Mais, pour décourager les bretteurs qui seraient tentés de me chercher querelle, je m’empresse d’ajouter que, pendant ces vingt-deux ans, j’ai travaillé d’une façon assez intermittente; tout en ayant acquis quelques principes, je suis resté ce que j’étais au début, un tireur très dangereux, avec qui il faut rester sur la défensive, car il y a autant de chances pour que je molle mon épée dans mon adversaire que partout ailleurs.

J’ai commencé par faire de l’escrime dans une salle d’armes humide et sombre qui se trouvait dans un passage. J’ai acheté un masque, un gant, une veste, deux fleurets, des sandales, et j’ai payé un mois d’avance. Mais le second mois, ayant égaré l’argent que m’avait remis ma famille, je ne suis pas retourné à la salle, où j’ai laissé mes fleurets, ma veste et mon masque, soigneusement rangés par le prévôt dans une case.

Le maître d’armes était mince, sévère et moustachu. Il n’y avait entre lui et moi aucune expansion, aucune cordialité. Le prévôt, un grand gaillard alsacien, me parlait davantage. A cette époque, où l’on ne faisait que du fleuret, on s’épuisait à acquérir une garde correcte, la pointe de l’épée à la hauteur de l’œil de votre adversaire, la poignée à la hauteur de votre téton droit.

Chacun des élèves offrait à son tour une bouteille de madère dont je buvais un verre le plus gaillardement possible.
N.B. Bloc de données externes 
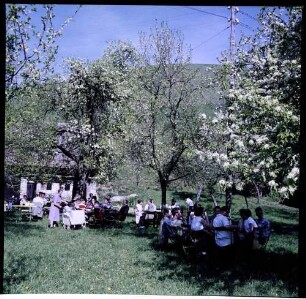 Vogtsburg: Gartenlokal unter Blüten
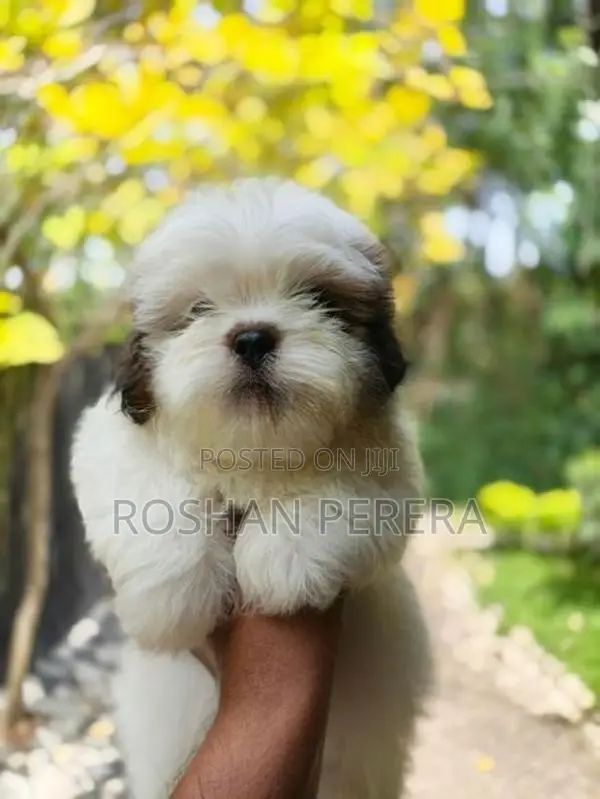 Shihtzu Puppies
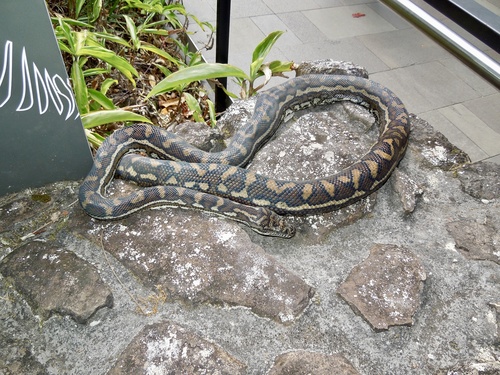 Coastal Carpet Python sighting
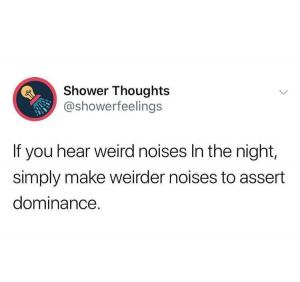 If you heard weird noises in the night, simply make weirder noises to assert dominance.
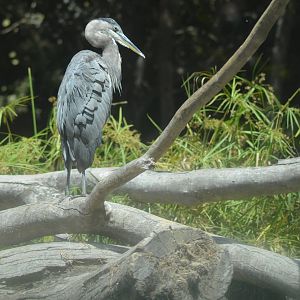 Hippo Beach - August 10, 2012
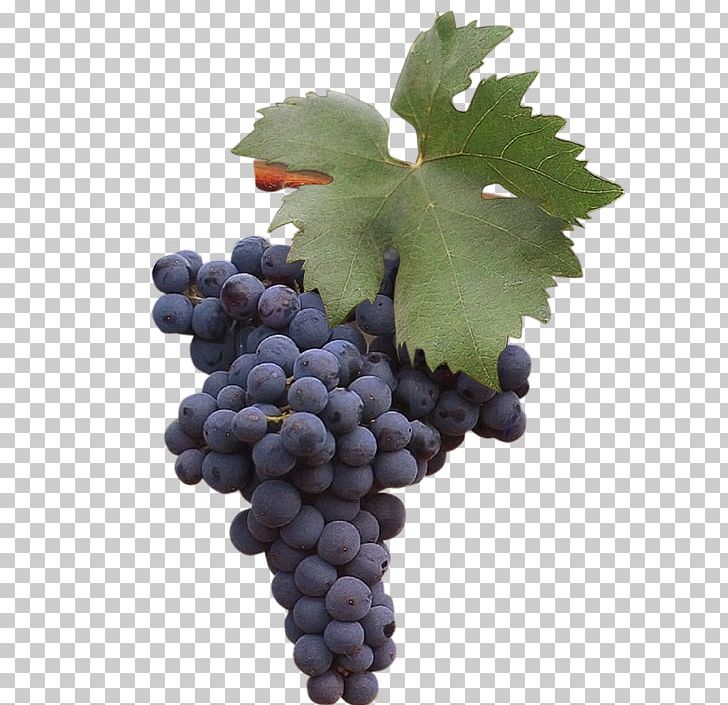Grape Zinfandel Negroamaro Uva Di Troia Susumaniello PNG, Clipart, Apulia, Common Grape Vine, Fiano, Flowering Plant, Food Free PNG Download
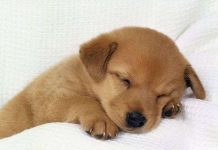 Loài chó cũng có tính cách lạc quan hoặc bi quan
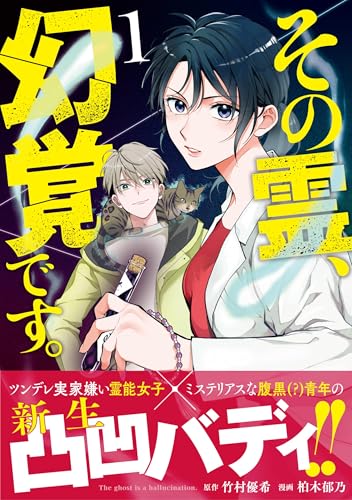 その霊、幻覚です。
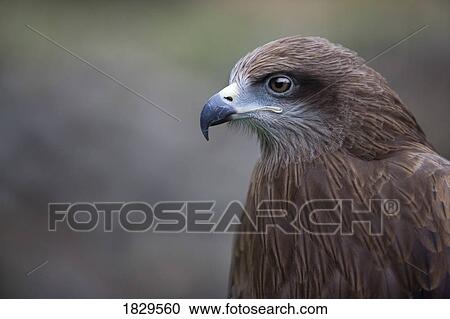Black Kite (Milvus migrans) View Large Photo Image Stock Image - Black Kite (Milvus migrans). Fotosearch
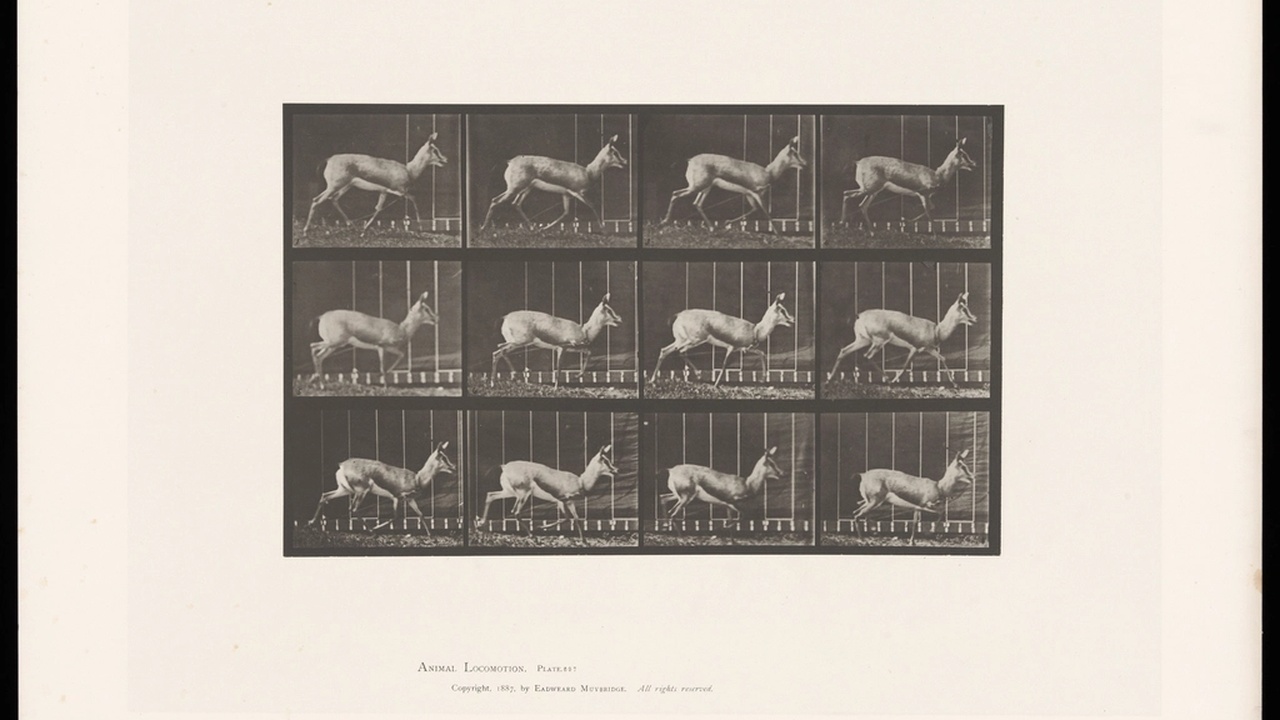 Thomson's gazelle sprinting across the East African savanna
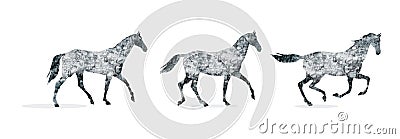 Horse gait, Three main gray horse gait: step, lynx, gallop. Stock Photo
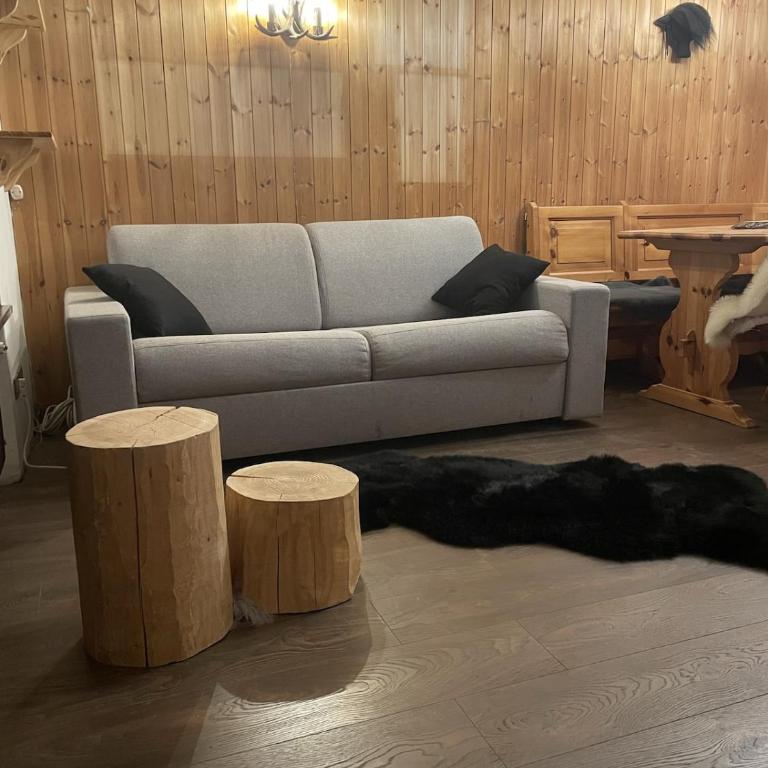 CIASA LAURINA - Apartment near the slopes with Dolomite views - Appartamento con 2 Camere da Letto - 29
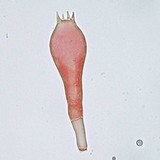 Amanita vaginata var. alba image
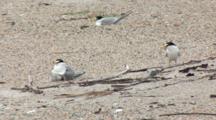 Least Tern (Sternula Antillarum) Pair On Beach, One Has Fish And One Has Chick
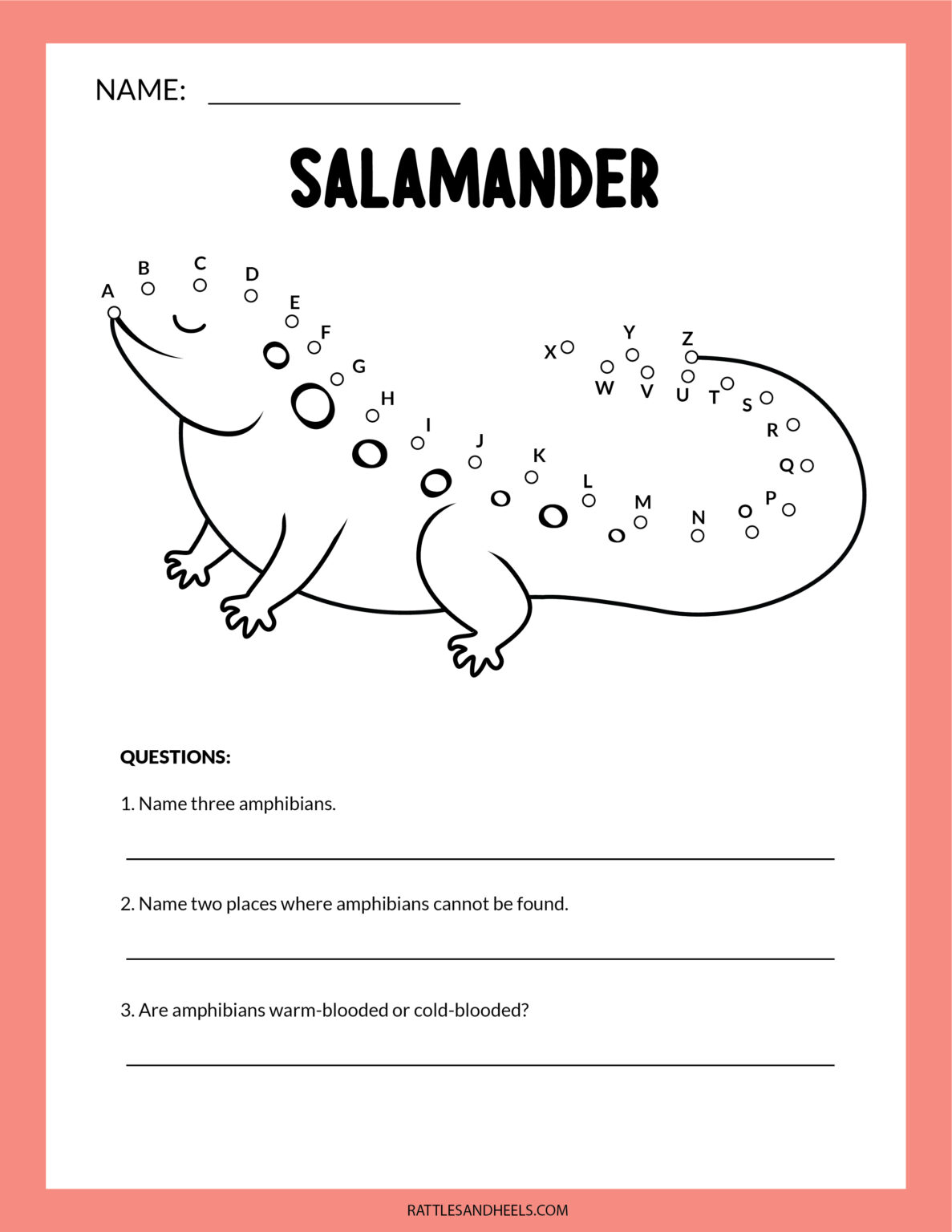 amphibians-worksheets-for-kids-free-printables-adanna-dill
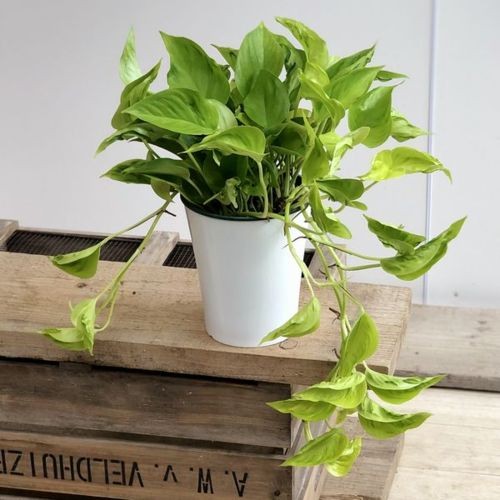 ポトス　テルノプレシャス 園芸ネット本店｜ポトス：テルノジャック 5号吊鉢 の通販【公式】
J’espère pour les débutants actuels que le jeu de l’épée et l’entraînement anglais ont fait disparaître l’habitude de l’apéritif, qui a beaucoup attristé mes premières armes.

Au régiment, où je continuai à me perfectionner dans le noble métier, le verre de madère était moins obligatoire. Mais les masques exhalaient une odeur héroïque, acquise à la sueur de mille fronts. Les fleurets, trois fois raccommodés, étaient en demi-cercle. Les prévôts vous disaient: «Engagez sixte!» ou «Parez quarte!» en regardant au dehors. On sentait que leur métier ne consistait pas à rester ainsi sur la planche, mais à recoudre éternellement des plastrons et des vestes dans la chambrée paisible du P. H. R., ou peloton hors rang.

En quittant du régiment, je m’acheminai vers l’Ecole de droit et vers la Faculté des Lettres. Je menai la vie du Quartier. Elle consistait tout en déjeunant, dînant et couchant chez mes parents, sur la rive droite, à passer mes après-midi sur la rive gauche, chez des bouquinistes. Ce n’était pas par paresse que je ne fréquentais pas les cours. C’était parce que j’arrivais toujours une demi-heure après l’heure. Et je déteste manquer le commencement. C’est ainsi que je lâchai le droit criminel après trois séances, le droit civil dès la seconde fois, et le droit romain avant le premier cours.

Mais j’avais découvert non loin du boulevard Saint-Germain une petite salle d’armes où je trouvai à bon compte un masque, une veste, des fleurets, des sandales et un gant. Pendant un mois je fus l’élève d’un petit homme rond et bon enfant qui passait son temps à mesurer sa salle à grands pas et à changer de place différents diplômes accrochés au mur.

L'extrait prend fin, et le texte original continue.